### Exercise
Take the line with "Figūriņa Amiibo Nintendo" and every line after it, through the end of the listing, and give them again exactly, pictures excluded.

### Materials provided
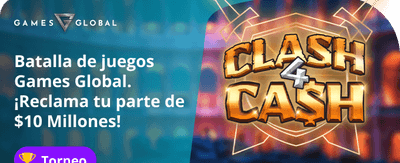 Bono de Bienvenida del 100% promotion banner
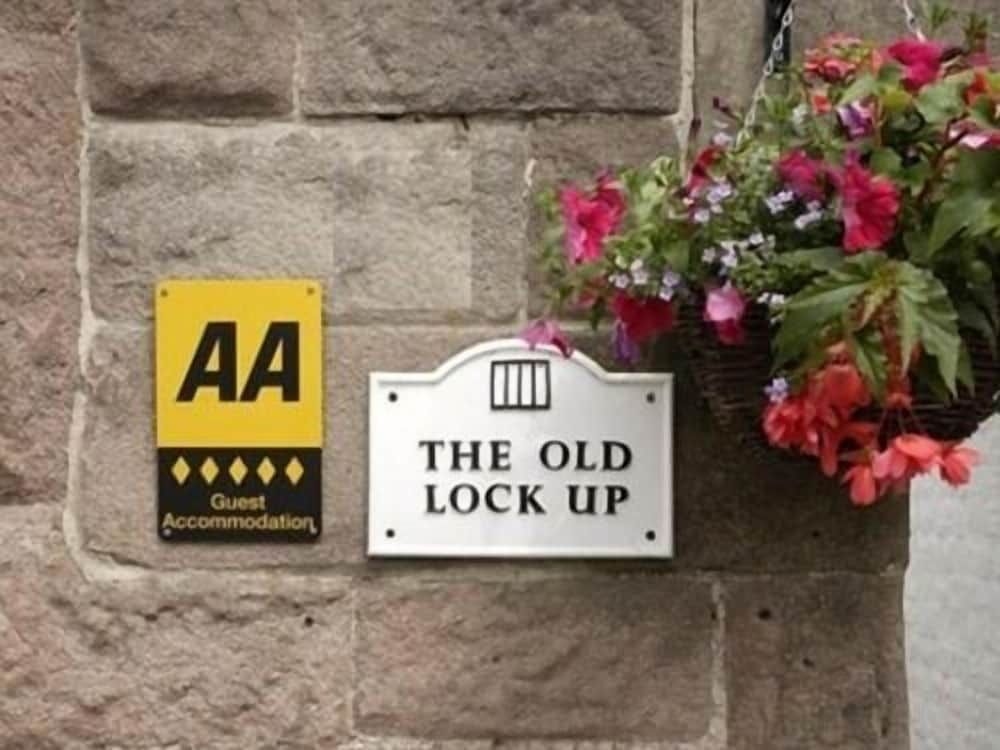The Old Lockup0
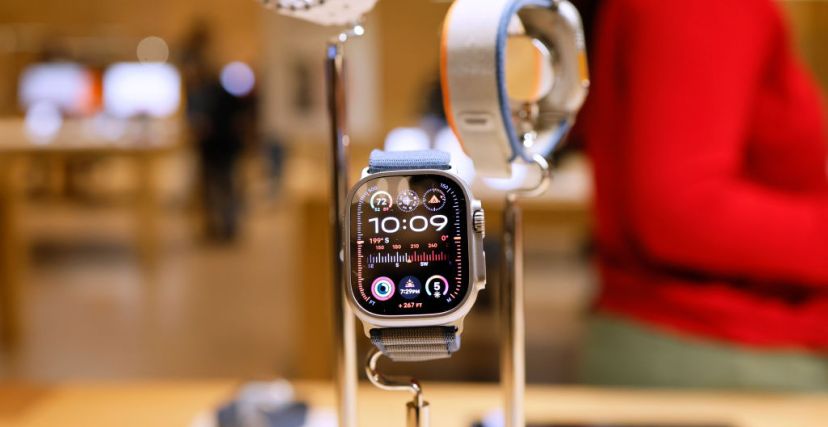 ساعات Apple Watch
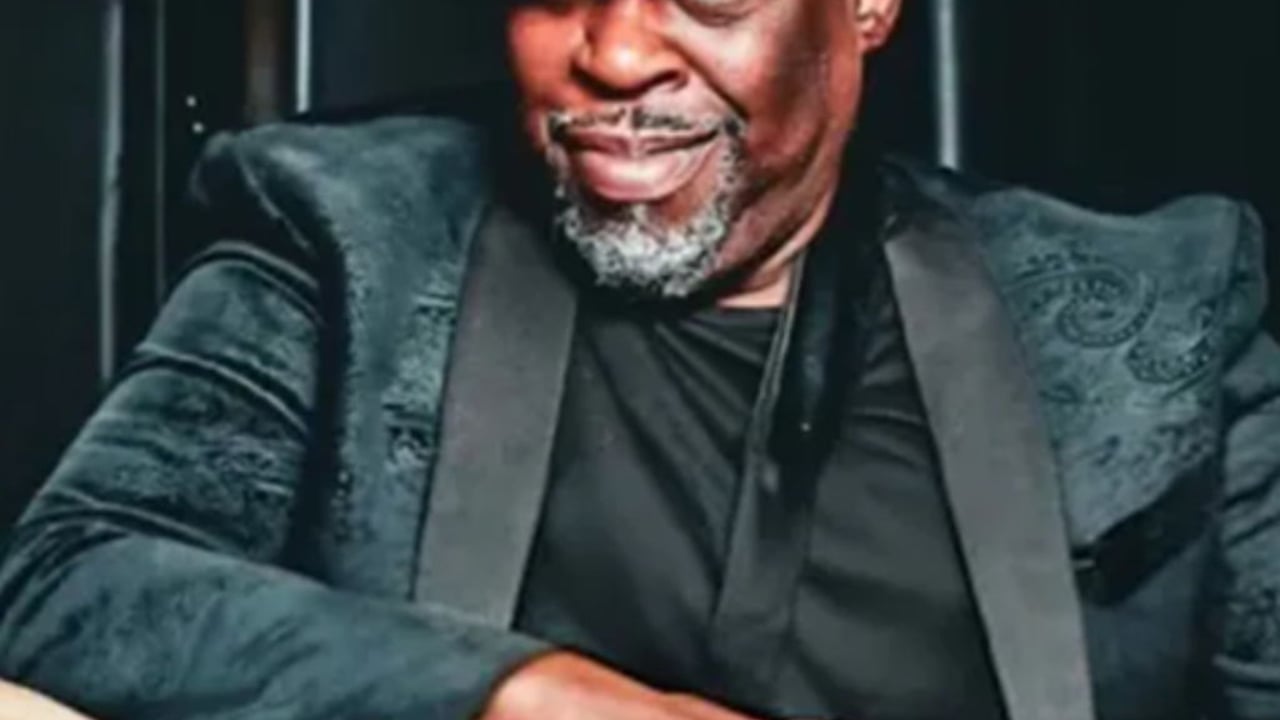 BLESSED SOULS PRESENTS: A REUNION TRIBUTE TO CLIVE McKINLEY (VANBRUGH HILL)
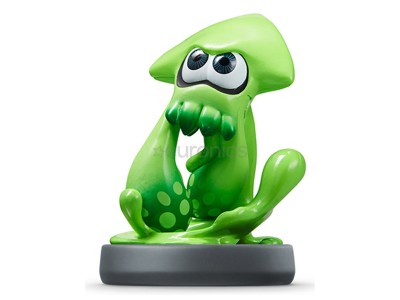 Figūriņa Amiibo Nintendo Splatoon Collection Inkling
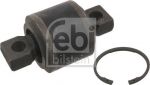 FEBI РМК V-образ. тяги реактивной d=107,5 25x25/152 + стопорное кольцо MB (29863)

### Written response
 Figūriņa Amiibo Nintendo Splatoon Collection Inkling
 FEBI РМК V-образ. тяги реактивной d=107,5 25x25/152 + стопорное кольцо MB (29863)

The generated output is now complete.